Dataset records
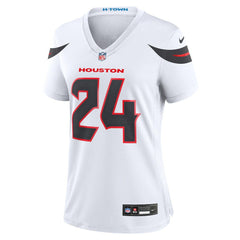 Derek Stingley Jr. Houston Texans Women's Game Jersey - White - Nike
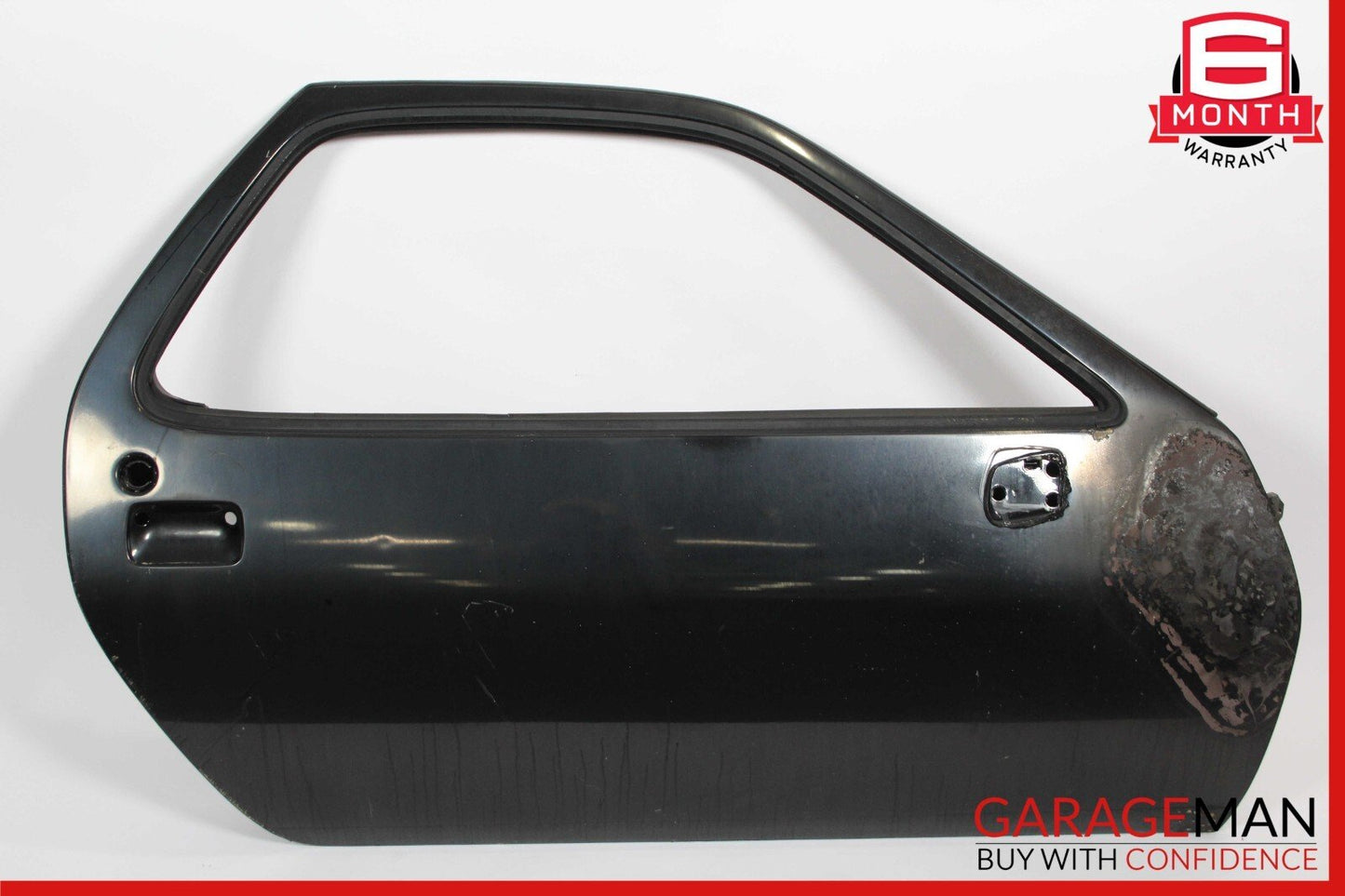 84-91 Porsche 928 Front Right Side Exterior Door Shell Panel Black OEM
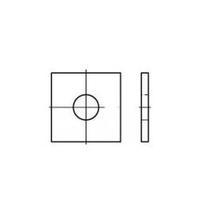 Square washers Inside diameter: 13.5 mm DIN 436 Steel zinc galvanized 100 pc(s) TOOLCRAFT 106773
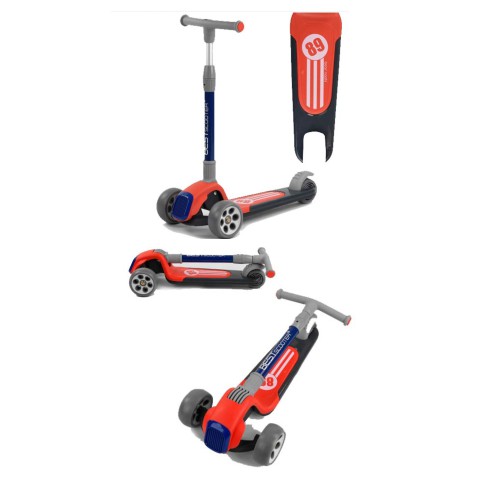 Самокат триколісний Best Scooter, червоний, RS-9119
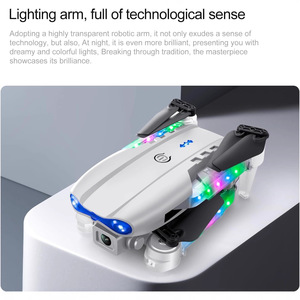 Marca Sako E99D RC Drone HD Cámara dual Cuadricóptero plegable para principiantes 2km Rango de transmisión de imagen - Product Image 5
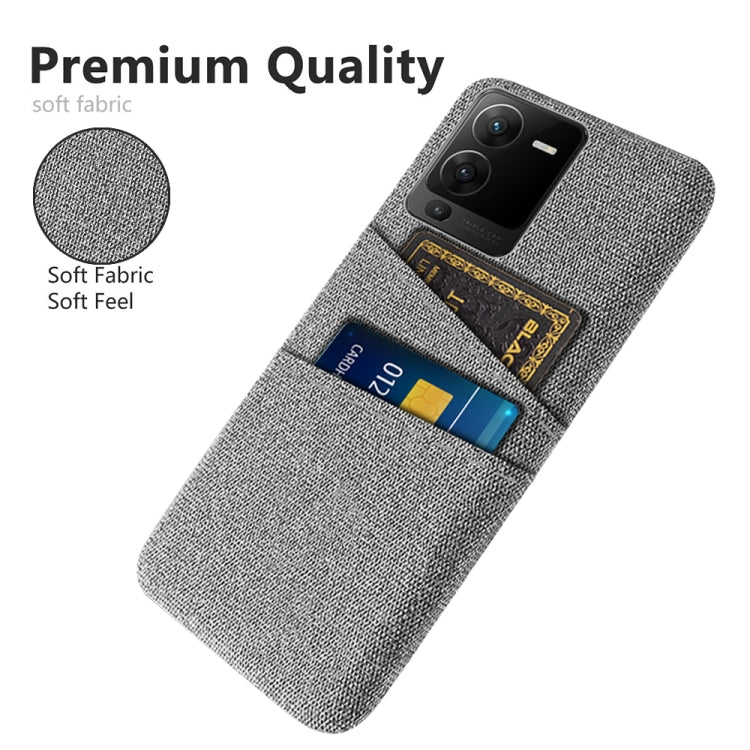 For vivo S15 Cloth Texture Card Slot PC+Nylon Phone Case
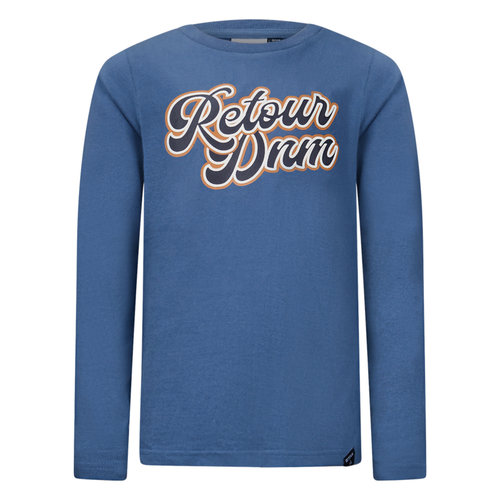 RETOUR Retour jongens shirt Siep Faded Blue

Problem to solve
Exclude the pictures, then write out every record exactly as it stands.

Task answer
 Derek Stingley Jr. Houston Texans Women's Game Jersey - White - Nike
 84-91 Porsche 928 Front Right Side Exterior Door Shell Panel Black OEM
 Square washers Inside diameter: 13.5 mm DIN 436 Steel zinc galvanized 100 pc(s) TOOLCRAFT 106773
 Самокат триколісний Best Scooter, червоний, RS-9119
 Marca Sako E99D RC Drone HD Cámara dual Cuadricóptero plegable para principiantes 2km Rango de transmisión de imagen - Product Image 5
 For vivo S15 Cloth Texture Card Slot PC+Nylon Phone Case
 RETOUR Retour jongens shirt Siep Faded Blue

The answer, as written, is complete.